Hard to say, when even when we happen to stumble upon a pirate city which was bombed to the ground by the Federation some days before, we are shown ruins but not a single corpse or any trace of former human life whatsoever: they all disappeared in thin air. So, btw, why should we feel sorry for them if, apparently, no freaking-one was actually living there?
Later on we are offered something that would like to add some more depth to the Federation reasons; the previous empress tried to make world peace, but she was killed by terrorists (ah, the endless chain of vengeance) and her bodyguards decided to continue her mission for peace taking the shortest path: peace through total annichilation. This would explain why the now prime minister is committing widespread genocide, but NOPE! This isn't his real goal, his real goal all along was to obtain the secret Super Exile and force everyone - Ades and the various Exiled nations - to stand down and relinquish all their weapons.

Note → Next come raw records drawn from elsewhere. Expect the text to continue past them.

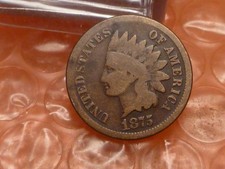  on The Hot Collector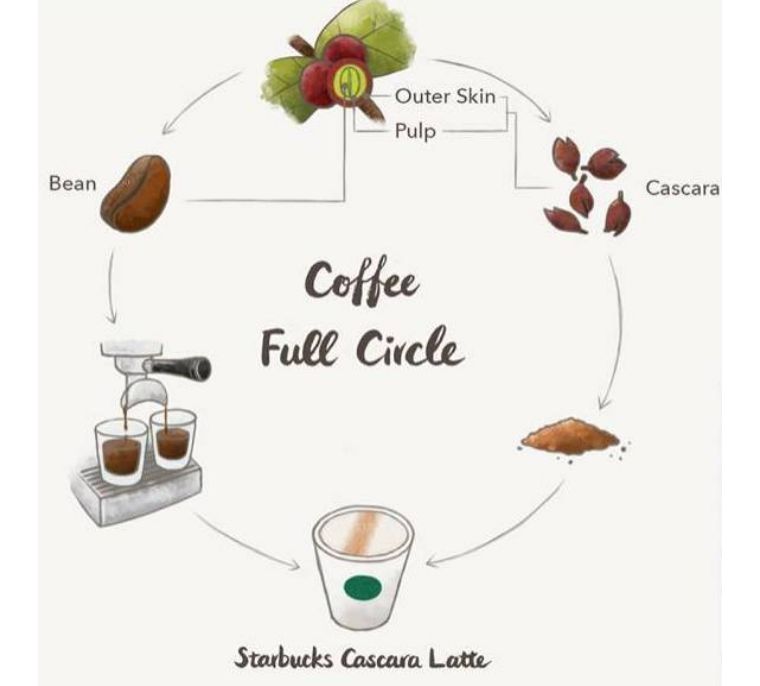咖啡浆果拿铁制作(注释6)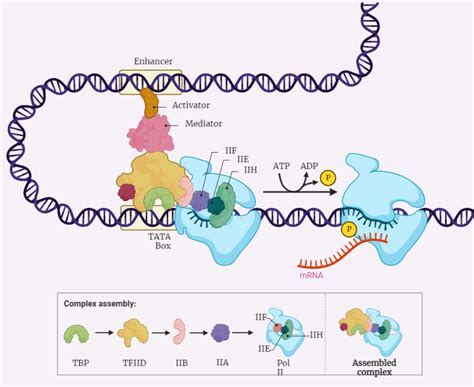 Eukaryotic Transcription Rethink Biology Notes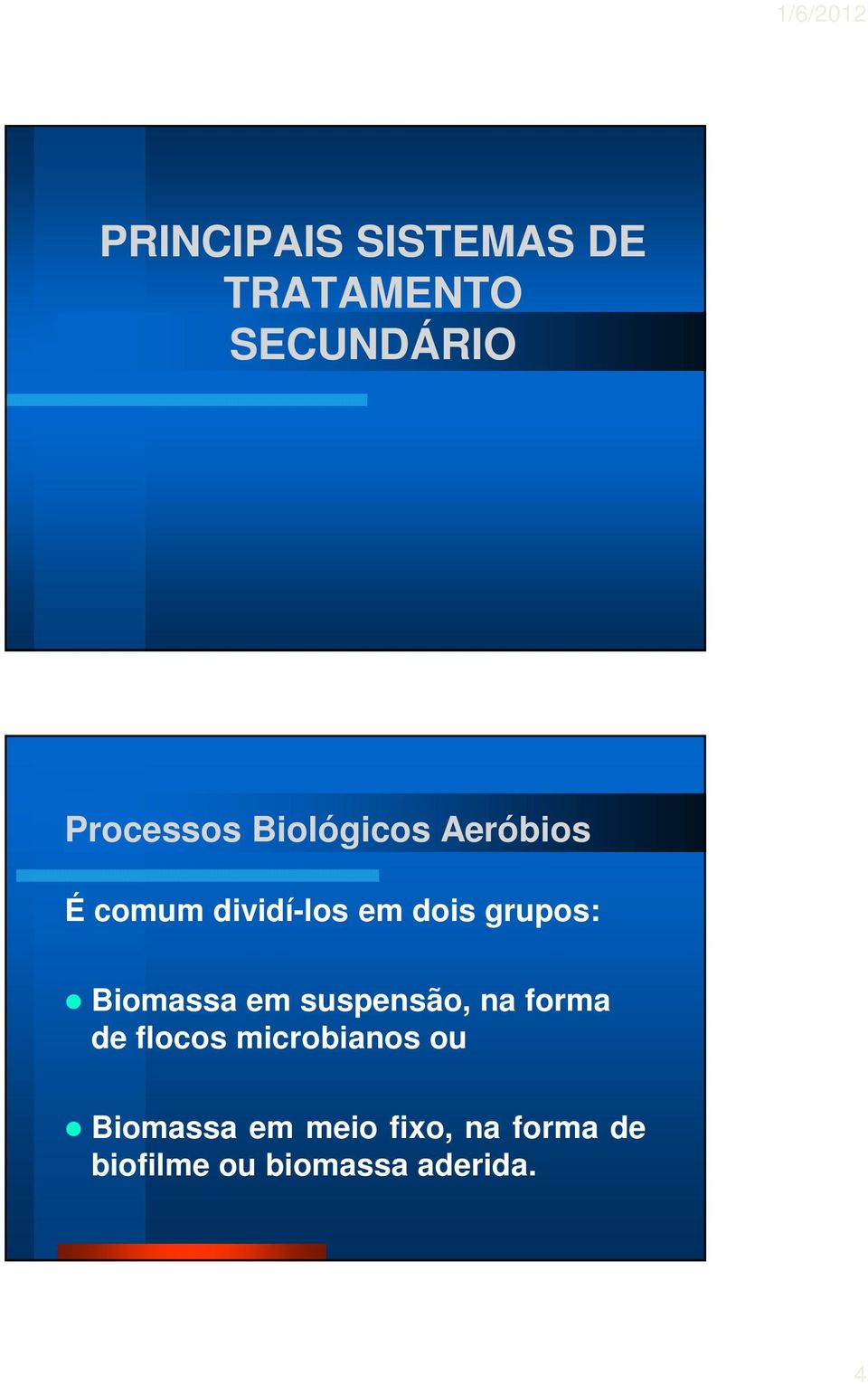 Biomassa em suspensão, na forma de flocos microbianos ou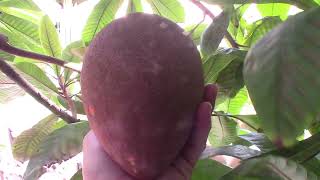 My Mamey Harvest -My favorite fruit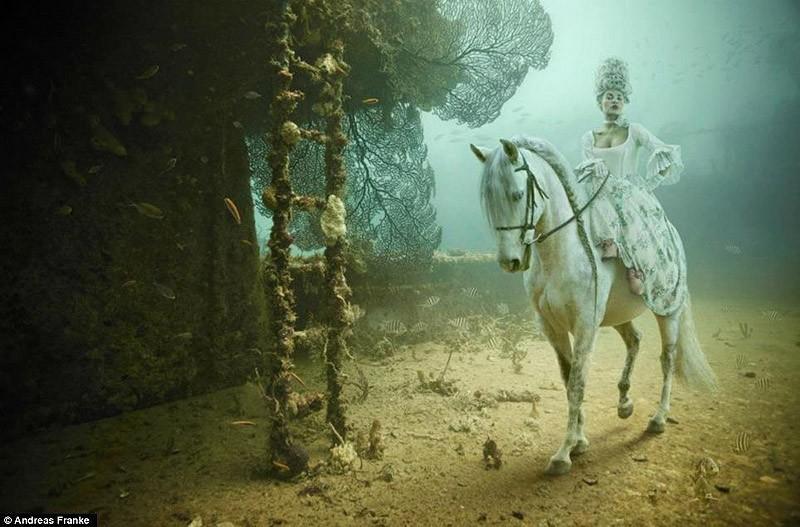 underwater02 Невероятная подводная фотогалерея Андреаса Франке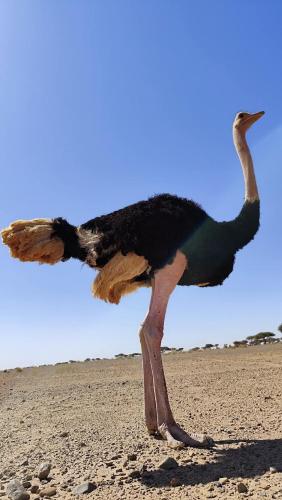 a bird standing on the sand with its wings out at La Maison-Berbère Mhamid in Mhamid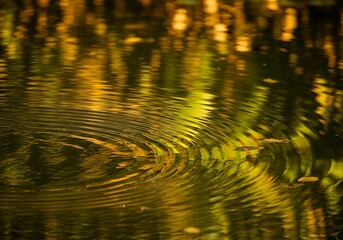 Obraz premium Golden yellow water reflection with ripples on lake surface at sunset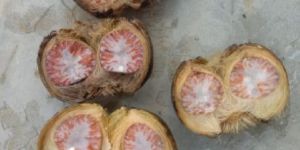 Betel Nut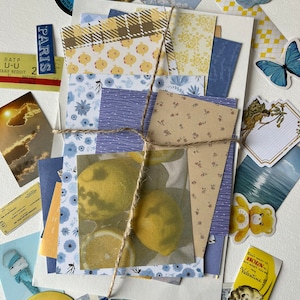Kit de 25 mini carnets de voyage bleu x jaune vintage - fleurs - éphémères - album - chutes - autocollants - mystère - botanique - sac à main - ciel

Urrrr, right, why did you have to wipe out entire nations then, when you just needed to bring the 10 years old magical girl to open the door to the Doomy Ship of Doom? I know, I know, he had to first weaken the various armies to ensure his Exile would really be overwhelming, right? Well, this still wouldn't explain complete genocide, and is anyway rendered moot by the fact even though the various fleets keep being destroyed they are magically back in the hundreds of ships at the end to do just that, attack the Death Star - pardon, the Exile - send in the cavalry and save the day.

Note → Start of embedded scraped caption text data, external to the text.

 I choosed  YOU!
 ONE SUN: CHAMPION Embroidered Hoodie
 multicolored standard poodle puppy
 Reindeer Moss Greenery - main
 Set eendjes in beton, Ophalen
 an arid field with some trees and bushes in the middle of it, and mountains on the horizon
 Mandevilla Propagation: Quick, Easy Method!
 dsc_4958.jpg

During this "epic" we are a couple of times offered some supposed personal crisis for some of the secondary characters from the Ades Federation, precisely two admirals and a... dunno, minister or something? The whole political apparatus is never explained (again). This minister/caretaker for the kid empress is originally from an Exile tribe, long ago annexed by Ades. She lets Ades do whatever they please and she actually endorses it and is very proud to be a part of it, 'till when the "provincial army" from her formerly independent state is used as a diversion on the battlefield and 100% destroyed. Then she gets all bitchy since she now is the last of her race (because, of course, the whole population from her nation was enlisted in the provincial fleet, men, women, children, grannies... that's how it works, right?), explains to the holy empress that the prime minister is evil, and with her as a unifying flag organizes the Rebel Alliance to bring down him and then live happily ever after with Obi Wan's spirit. Or well, sort of.
The two aforementioned admirals, who are friends, are sent to crush this alliance and take the empress back, but thanks to a 10 seconds long "genocide is bad, 'mmmkay" conversation, end up firing at each other as one decides to join the alliance out of loyalty for the kid empress. The other one is then overwhelmed and his fleet sunk, but fret not, he is of course going to be resurrected in a while to magically come back (fleet and everything) during the last showdown. Not that there was any reason for him to be resurrected (he has maybe 5 minutes of total screentime during the whole show), it's just like that, out of spite for your intelligence.
Of course, I'd like to add, in all this supposedly thought provoking (not!)... urr... stuff, there's not a single simple crewman who wonders about what the hell is happening; an admiral, or a ruler, always embodies in real time the sentiments and opinions of a whole fleet/nation.
The underlying theme behind all this random warring is how to build - through morally acceptable means - a long lasting peace. Force, though somewhat effective, isn't morally acceptable, but pure passive hippie spirit seems to not work that well either (which is to an extent probably the only slightly redeeming point of the whole mess), so how will they pull it off? Simple: they won't. They'll manage to thwart the pitiable villain's plans and find themselves all fuzzy inside after having cooperated to defuse the big crisis (with your run of the mill conceited speech "I know we're still immature and shit may happen again, but that's no reason to stop trying" which obviously will convert the suicidal villain, who's anyway satisfied seeing how he brought everyone together by being, basically, a dick just for the fun of it), so they'll live happily ever after. Until the next guy decides he has to take revenge for the loss of his whole family. But maybe it won't happen: even though supposedly thousands (if not millions) have died during the series, at least on paper, they seem to all be invisible (or shifting in and out of existence as need be, who knows), so there might be no one really angry left around.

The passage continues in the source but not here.